Kasus ini menyita perhatian luas bukan hanya karena tingkat kekerasan yang dialami korban, melainkan juga karena dugaan penyekapan dan penyiksaan berlangsung selama tiga tahun tanpa terdeteksi lebih awal.

Kapolda Jabar mengatakan penyidik telah mengantongi sejumlah informasi penting mengenai latar belakang pelaku yang diketahui pernah bekerja sebagai penagih utang atau debt collector. Polisi juga berencana meminta keterangan dari sejumlah perusahaan yang diduga memiliki keterkaitan dengan aktivitas pelaku.

Selain itu, polisi menggandeng Lembaga Perlindungan Saksi dan Korban (LPSK) untuk memberikan perlindungan kepada saksi dan korban. Aparat juga bekerja sama dengan Meta guna menelusuri jejak digital yang dapat membantu proses penyelidikan.

Kepala Bidang Humas Polda Jabar Kombes Pol Hendra Rochmawan menjelaskan kasus ini terungkap setelah keluarga korban melapor pada 12 Juni 2026. Menurut Hendra, kakak korban menerima pesan dari seseorang tak dikenal mengabarkan YTR berada di Instalasi Gawat Darurat Rumah Sakit Hasan Sadikin Bandung. Keluarga yang datang ke rumah sakit dibuat syok melihat kondisi korban.

“Korban dalam keadaan luka berat di bagian kepala, wajah, kaki, dan luka ringan di bagian tangan,” kisah Hendra. Dampak kekerasan dialami korban jauh melampaui luka fisik biasa. YTR mengalami gangguan penglihatan serius, cacat permanen pada bagian bibir, kesulitan berbicara dan tak mampu berjalan secara normal.
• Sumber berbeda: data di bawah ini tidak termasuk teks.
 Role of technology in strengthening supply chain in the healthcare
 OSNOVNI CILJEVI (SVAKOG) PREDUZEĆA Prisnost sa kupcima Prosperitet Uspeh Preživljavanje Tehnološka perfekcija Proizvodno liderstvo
Polisi juga mengungkap korban kehilangan uang senilai Rp52 juta.

Kemarahan publik terhadap kasus ini turut disuarakan Anggota Komisi VIII DPR RI, Atalia Praratya, yang menjenguk langsung korban di rumah sakit. Menurut Atalia, kondisi korban memperlihatkan dampak mengerikan dari kekerasan yang berlangsung bertahun-tahun.

“Saat menjenguk saudari YTR, hati saya hancur sekaligus geram melihat kondisinya. Struktur wajahnya rusak berat, ia kehilangan penglihatan, dan menderita luka-luka yang luar biasa akibat kekerasan keji selama tiga tahun penyekapan,” ujar Atalia.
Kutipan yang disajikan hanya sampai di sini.